Sebastián, tout comme son père, reconnaît que le Chili est confronté à une grave crise sociale : "Il y a beaucoup d’inégalités dans le pays, cela ne fait aucun doute. Et les inégalités génèrent un sentiment d’injustice. Les conséquences de cela peuvent être très graves et mener à la violence. On l’a bien vu avec le mouvement social", soupire-t-il. Et de continuer : "Mais je ne pense pas que le changement de constitution soit la solution face à ces problèmes, car cela va générer beaucoup de doutes et d’incertitude." Pour régler ces problèmes, Sebastián soutient qu’"il faut des politiques rapides, ponctuelles qui donnent des résultats immédiats."
Une famille hétéroclyte
La politique n’a jamais affecté la relation entre Patricio et son fils, Sebastián. "Je protège notre relation", explique le père. Et de poursuivre : "Mon fils est très vigoureux quand il parle de politique. Il campe sur ses positions et il essaye de convaincre tout le monde sans vraiment écouter en retour. Alors je préfère me taire, pour éviter les disputes." Sebastián, plus nuancé, explique : "Oui bien sûr nous parlons de politique à la maison ! Et nous respectons les positions de chacun. Je crois que mon père a de bonnes raisons de penser comme il pense. Ce qu'il a vécu dans sa jeunesse l'a marqué. Et moi j’ai mes propres raisons également. Mais on se respecte entre nous et cela ne nous affecte pas."

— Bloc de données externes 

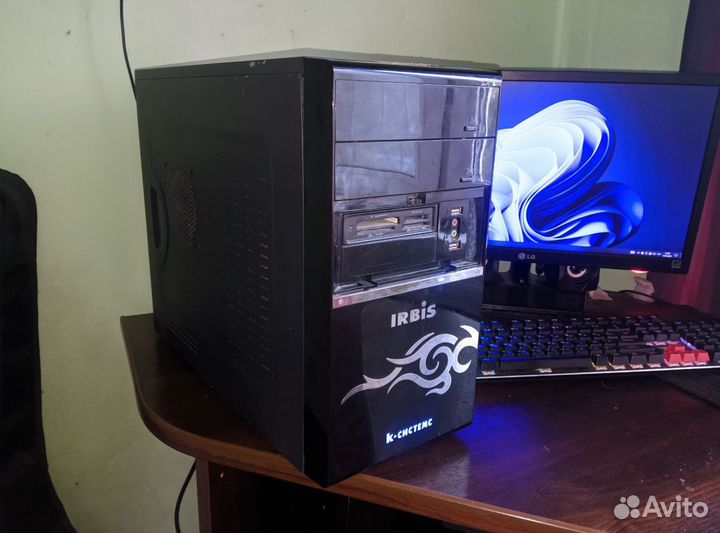 Игровой пк 4 ядра/Intel/SSD/500GB/450W/HD5850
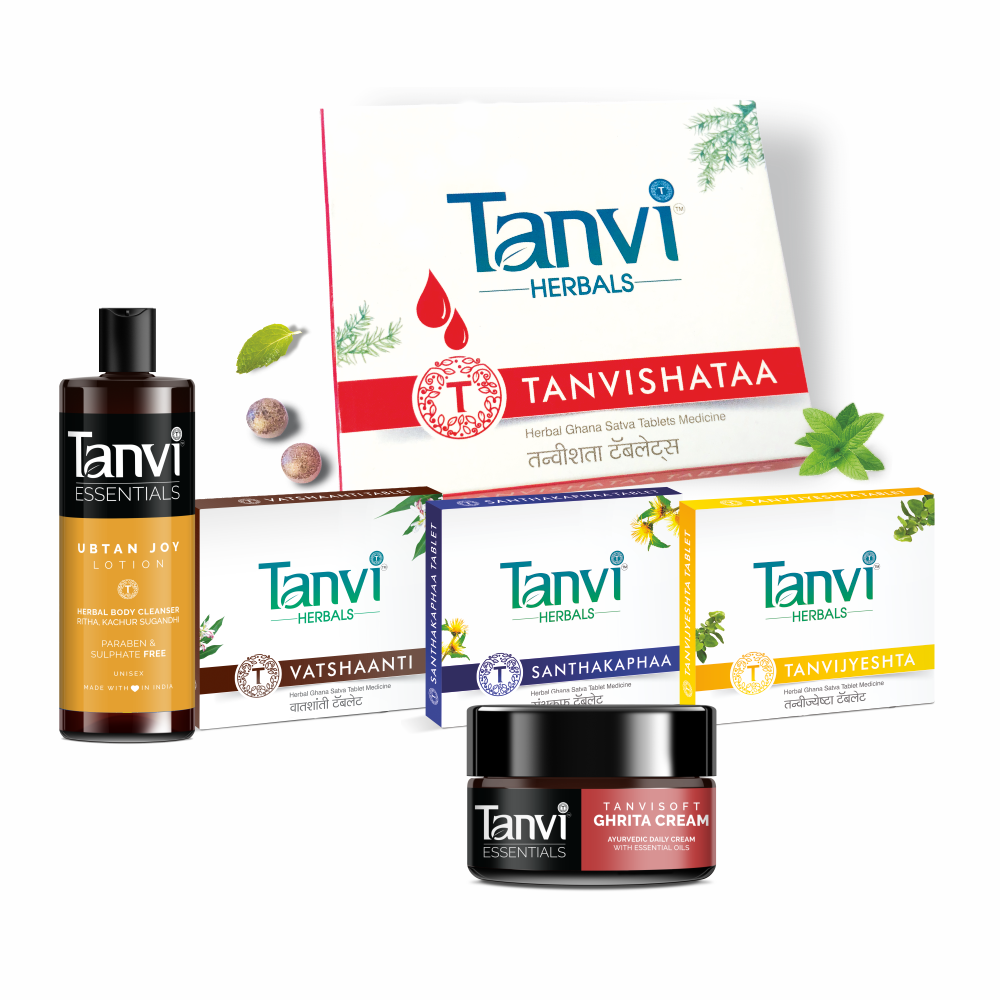 100 Herbal Medicine For Skin Allergy Rash Tanvi Herbals 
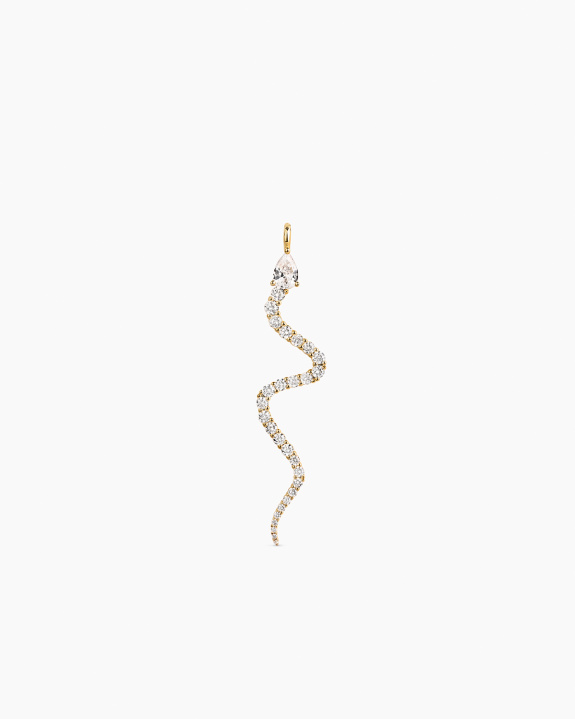 Serpente Pendant Gold in der Gruppe Shop / Halsketten bei ANI (ANI-0825-047)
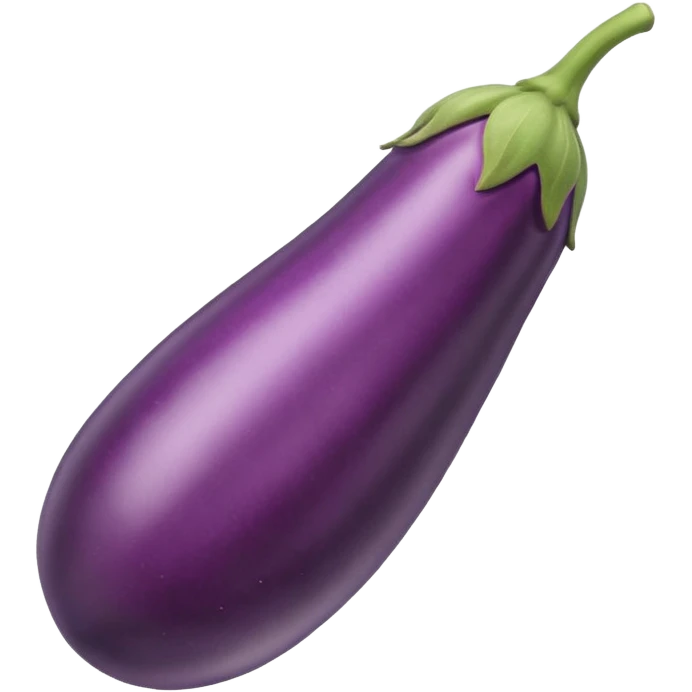 purple eggplant emoji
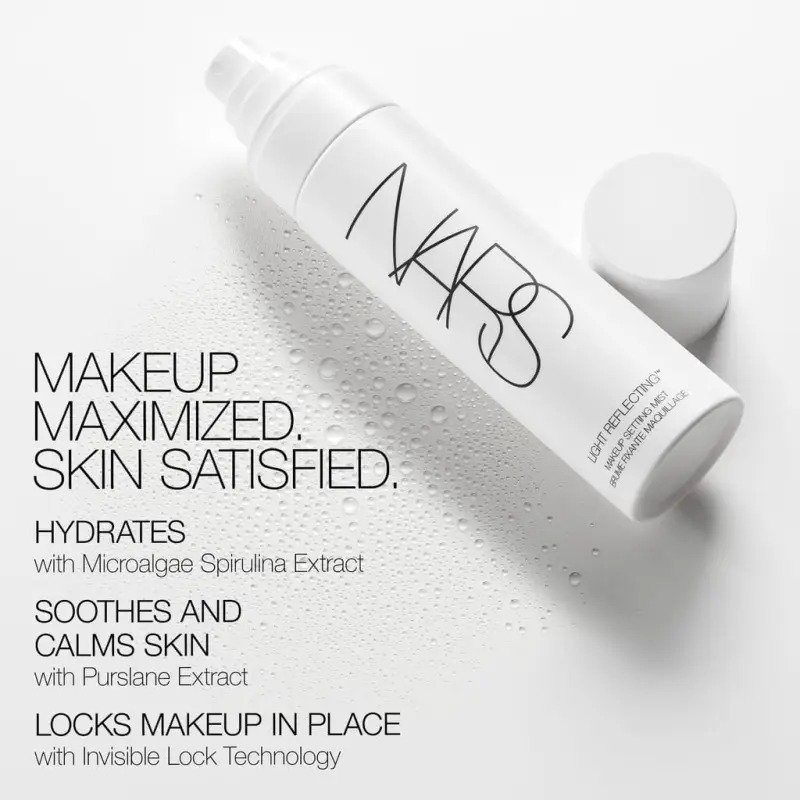 NARS Light Reflecting™ Makeup Setting Mist – (90ml) - Image 3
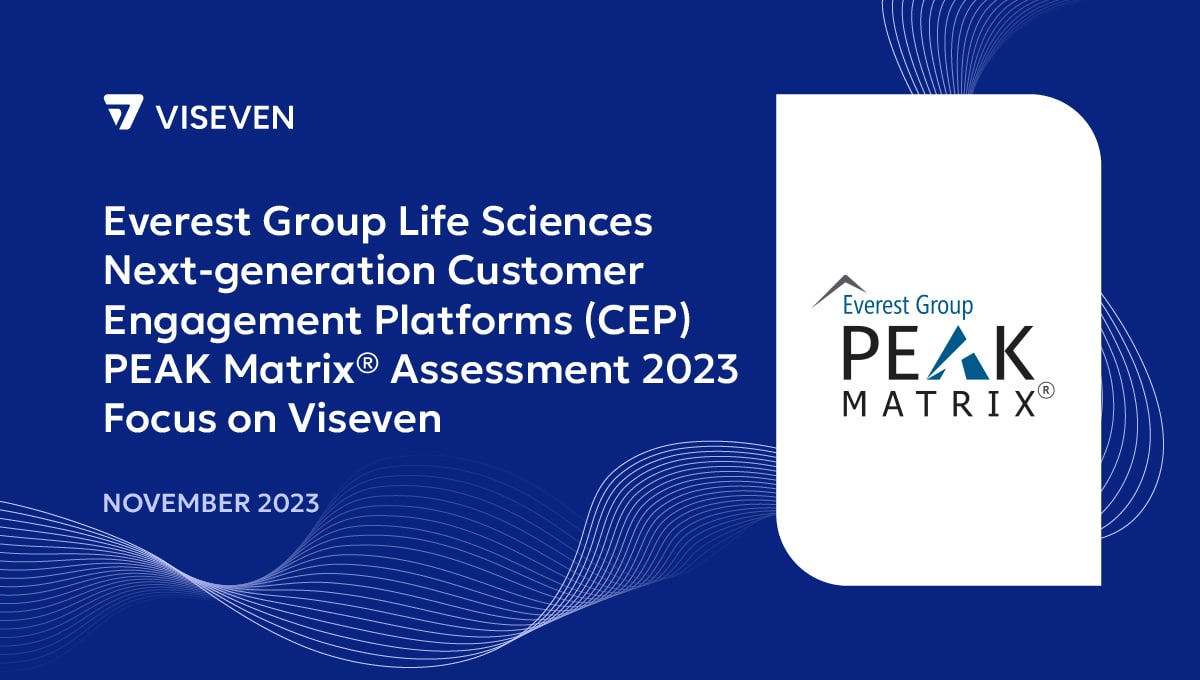 Viseven’s Success Recognized on the Everest Group PEAK Matrix® 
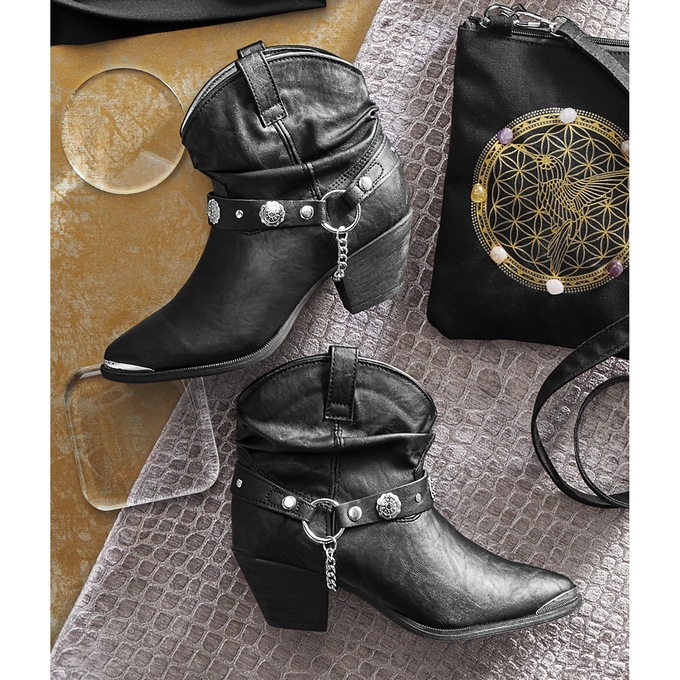 Fiona Slouch Bootie, , large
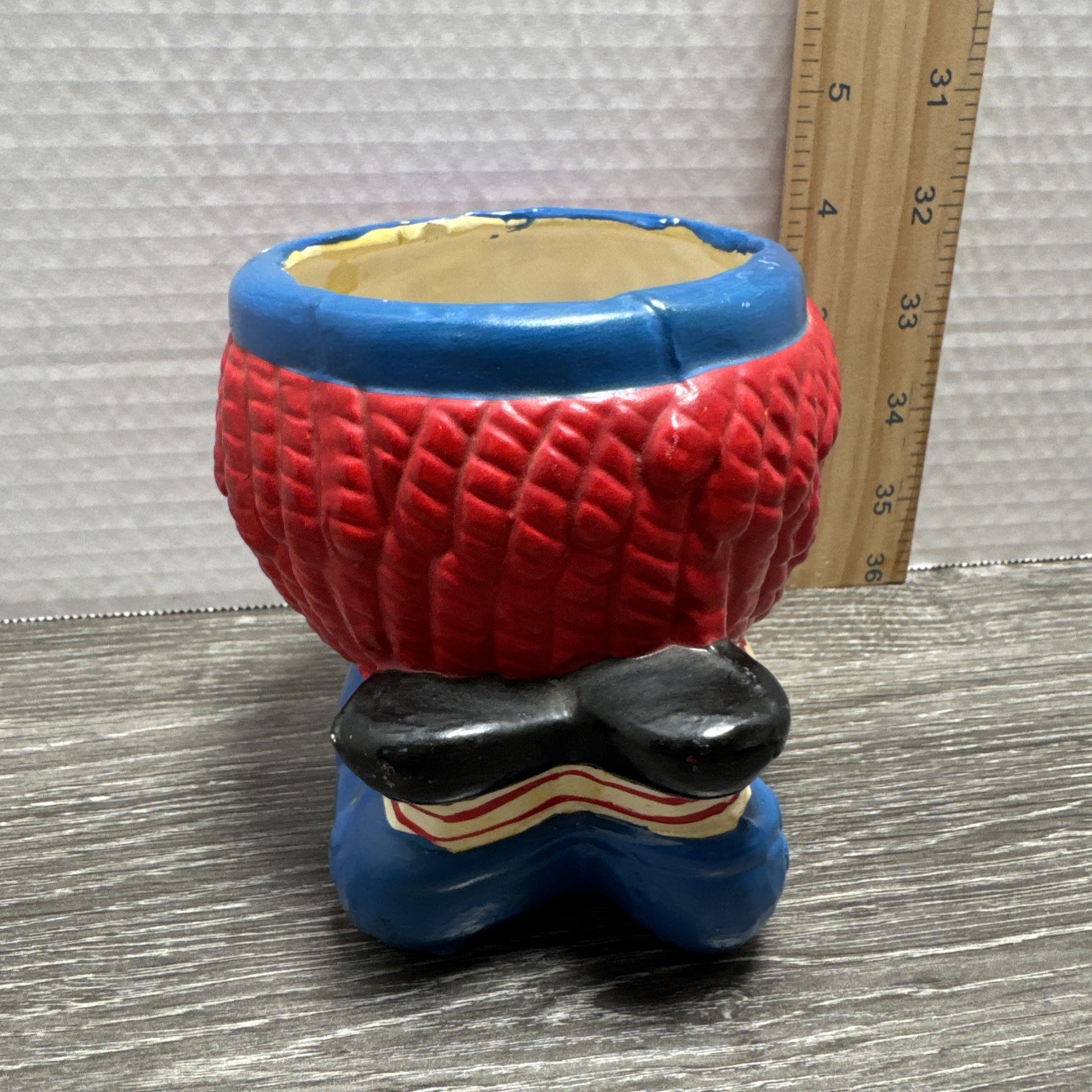 Vintage Rubens Original Raggedy Andy Ceramic Planter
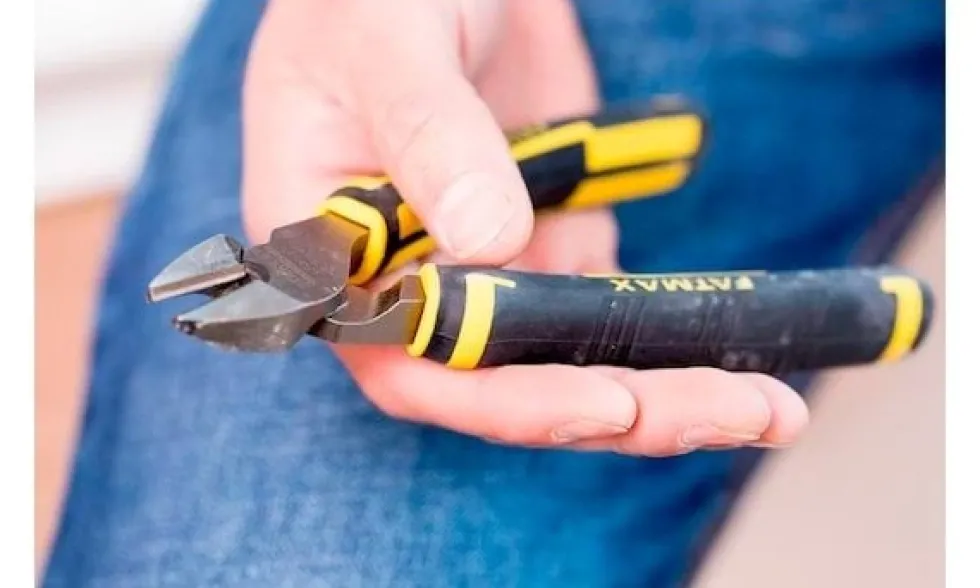 Alicate Corte Diagonal 160 mm FatMax Stanley 0-89-858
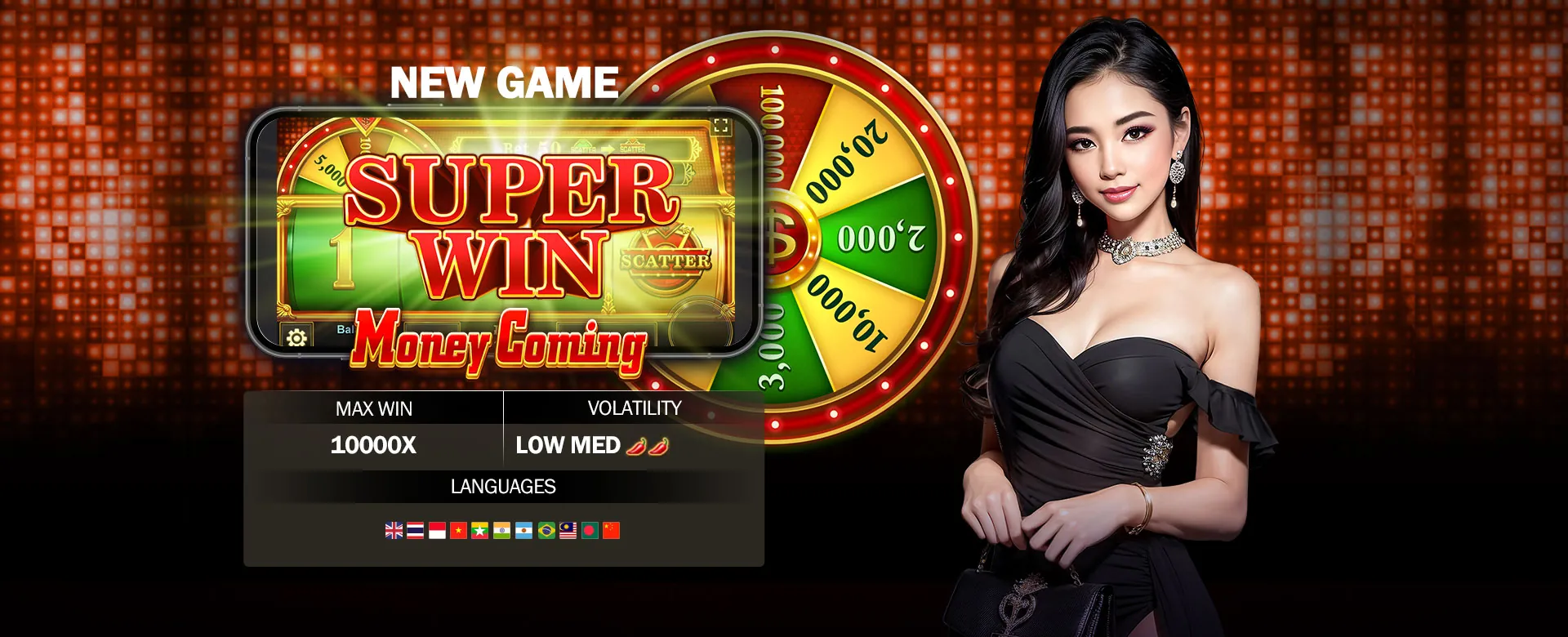 Ninong Gaming Player Celebrating a Big Win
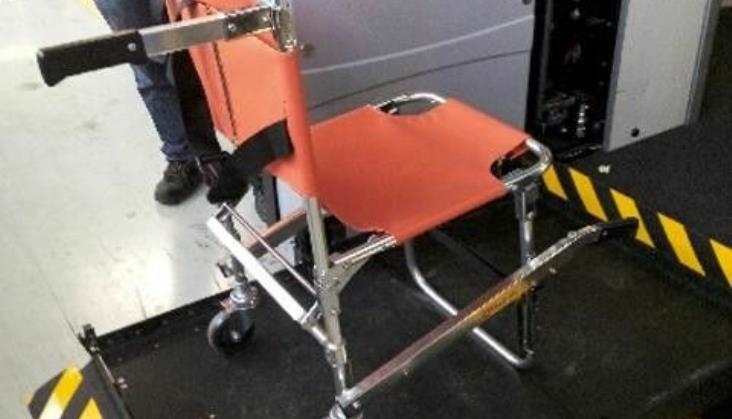 Krzesełka dla niepełnosprawnych w Pendolino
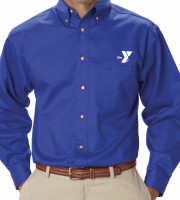 Men's Long Sleeve Work Shirt-Tall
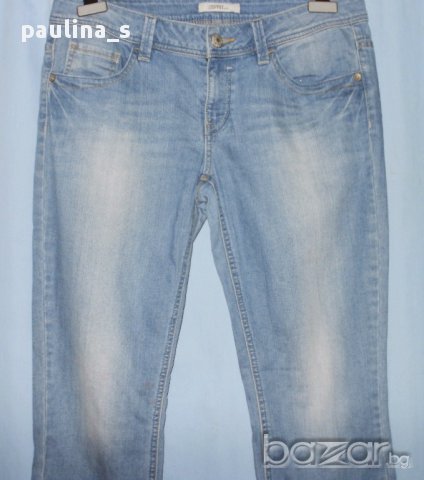 Брандови дънки "Esprit"® / дължина 7/8, голям размер , снимка 1 - Дънки - 17065449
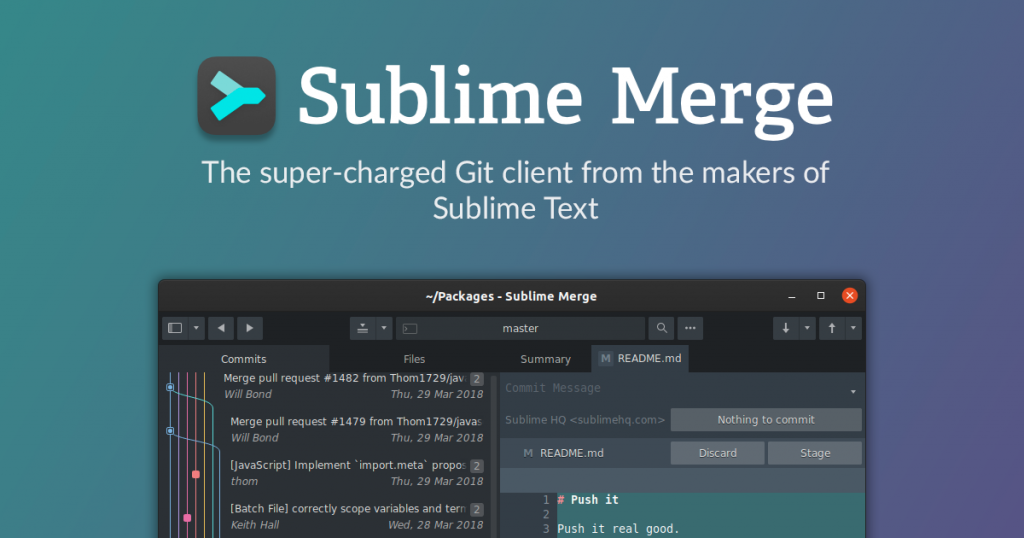 Sublime Merge 2022 for Mac DMG Free Download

Finalement le père comme le fils finissent par avouer que peu importe le résultat de ce vote : "apruebo ou rechazo, ce n’est pas vraiment cela qui compte", explique Sebastián. "Ce que je veux c'est retrouver un pays uni et mettre fin aux violences", poursuit-il. Patricio ressent la même chose : "Quelque soit le résultat de ce référendum, le pays ne sera plus le même et nous allons prendre un nouveau chemin vers plus d’égalité, de dignité et de justice", espère-t-il.